Your task is to return the data below, word for word.

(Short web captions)
⁂
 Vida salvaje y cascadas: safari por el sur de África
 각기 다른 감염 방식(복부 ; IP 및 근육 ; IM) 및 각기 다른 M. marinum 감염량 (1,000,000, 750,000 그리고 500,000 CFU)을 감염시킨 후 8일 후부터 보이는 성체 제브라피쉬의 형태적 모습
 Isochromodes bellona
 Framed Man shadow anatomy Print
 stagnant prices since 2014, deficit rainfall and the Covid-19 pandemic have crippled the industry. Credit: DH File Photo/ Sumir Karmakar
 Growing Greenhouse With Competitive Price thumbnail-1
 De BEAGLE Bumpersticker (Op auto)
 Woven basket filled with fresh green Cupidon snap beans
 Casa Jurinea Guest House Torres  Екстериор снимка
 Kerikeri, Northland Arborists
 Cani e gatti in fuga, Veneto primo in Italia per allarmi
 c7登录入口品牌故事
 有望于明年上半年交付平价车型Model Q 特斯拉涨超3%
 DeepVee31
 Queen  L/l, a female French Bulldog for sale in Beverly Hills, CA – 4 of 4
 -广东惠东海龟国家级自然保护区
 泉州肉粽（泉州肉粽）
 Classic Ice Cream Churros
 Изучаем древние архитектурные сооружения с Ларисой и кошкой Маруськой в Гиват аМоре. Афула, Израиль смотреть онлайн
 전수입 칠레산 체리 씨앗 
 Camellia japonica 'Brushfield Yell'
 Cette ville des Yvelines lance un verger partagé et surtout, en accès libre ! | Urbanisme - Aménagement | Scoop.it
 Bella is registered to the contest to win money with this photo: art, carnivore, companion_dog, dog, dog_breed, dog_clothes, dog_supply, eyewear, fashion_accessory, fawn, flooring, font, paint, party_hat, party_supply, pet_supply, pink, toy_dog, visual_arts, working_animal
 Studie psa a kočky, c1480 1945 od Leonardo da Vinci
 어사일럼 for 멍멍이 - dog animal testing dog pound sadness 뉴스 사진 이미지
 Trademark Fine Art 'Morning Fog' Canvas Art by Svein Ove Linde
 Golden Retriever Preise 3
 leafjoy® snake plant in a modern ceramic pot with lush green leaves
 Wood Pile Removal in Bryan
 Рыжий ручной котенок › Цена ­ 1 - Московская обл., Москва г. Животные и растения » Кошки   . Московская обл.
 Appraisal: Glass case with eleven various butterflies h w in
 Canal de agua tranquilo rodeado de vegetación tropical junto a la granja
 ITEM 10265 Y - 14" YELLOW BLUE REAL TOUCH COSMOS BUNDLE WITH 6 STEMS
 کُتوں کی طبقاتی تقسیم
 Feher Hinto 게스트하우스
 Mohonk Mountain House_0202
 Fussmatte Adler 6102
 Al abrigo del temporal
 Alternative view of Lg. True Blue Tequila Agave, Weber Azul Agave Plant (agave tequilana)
⁂
# SOLVED EXERCISE
 Vida salvaje y cascadas: safari por el sur de África
 각기 다른 감염 방식(복부 ; IP 및 근육 ; IM) 및 각기 다른 M. marinum 감염량 (1,000,000, 750,000 그리고 500,000 CFU)을 감염시킨 후 8일 후부터 보이는 성체 제브라피쉬의 형태적 모습
 Isochromodes bellona
 Framed Man shadow anatomy Print
 stagnant prices since 2014, deficit rainfall and the Covid-19 pandemic have crippled the industry. Credit: DH File Photo/ Sumir Karmakar
 Growing Greenhouse With Competitive Price thumbnail-1
 De BEAGLE Bumpersticker (Op auto)
 Woven basket filled with fresh green Cupidon snap beans
 Casa Jurinea Guest House Torres  Екстериор снимка
 Kerikeri, Northland Arborists
 Cani e gatti in fuga, Veneto primo in Italia per allarmi
 c7登录入口品牌故事
 有望于明年上半年交付平价车型Model Q 特斯拉涨超3%
 DeepVee31
 Queen  L/l, a female French Bulldog for sale in Beverly Hills, CA – 4 of 4
 -广东惠东海龟国家级自然保护区
 泉州肉粽（泉州肉粽）
 Classic Ice Cream Churros
 Изучаем древние архитектурные сооружения с Ларисой и кошкой Маруськой в Гиват аМоре. Афула, Израиль смотреть онлайн
 전수입 칠레산 체리 씨앗 
 Camellia japonica 'Brushfield Yell'
 Cette ville des Yvelines lance un verger partagé et surtout, en accès libre ! | Urbanisme - Aménagement | Scoop.it
 Bella is registered to the contest to win money with this photo: art, carnivore, companion_dog, dog, dog_breed, dog_clothes, dog_supply, eyewear, fashion_accessory, fawn, flooring, font, paint, party_hat, party_supply, pet_supply, pink, toy_dog, visual_arts, working_animal
 Studie psa a kočky, c1480 1945 od Leonardo da Vinci
 어사일럼 for 멍멍이 - dog animal testing dog pound sadness 뉴스 사진 이미지
 Trademark Fine Art 'Morning Fog' Canvas Art by Svein Ove Linde
 Golden Retriever Preise 3
 leafjoy® snake plant in a modern ceramic pot with lush green leaves
 Wood Pile Removal in Bryan
 Рыжий ручной котенок › Цена ­ 1 - Московская обл., Москва г. Животные и растения » Кошки   . Московская обл.
 Appraisal: Glass case with eleven various butterflies h w in
 Canal de agua tranquilo rodeado de vegetación tropical junto a la granja
 ITEM 10265 Y - 14" YELLOW BLUE REAL TOUCH COSMOS BUNDLE WITH 6 STEMS
 کُتوں کی طبقاتی تقسیم
 Feher Hinto 게스트하우스
 Mohonk Mountain House_0202
 Fussmatte Adler 6102
 Al abrigo del temporal
 Alternative view of Lg. True Blue Tequila Agave, Weber Azul Agave Plant (agave tequilana)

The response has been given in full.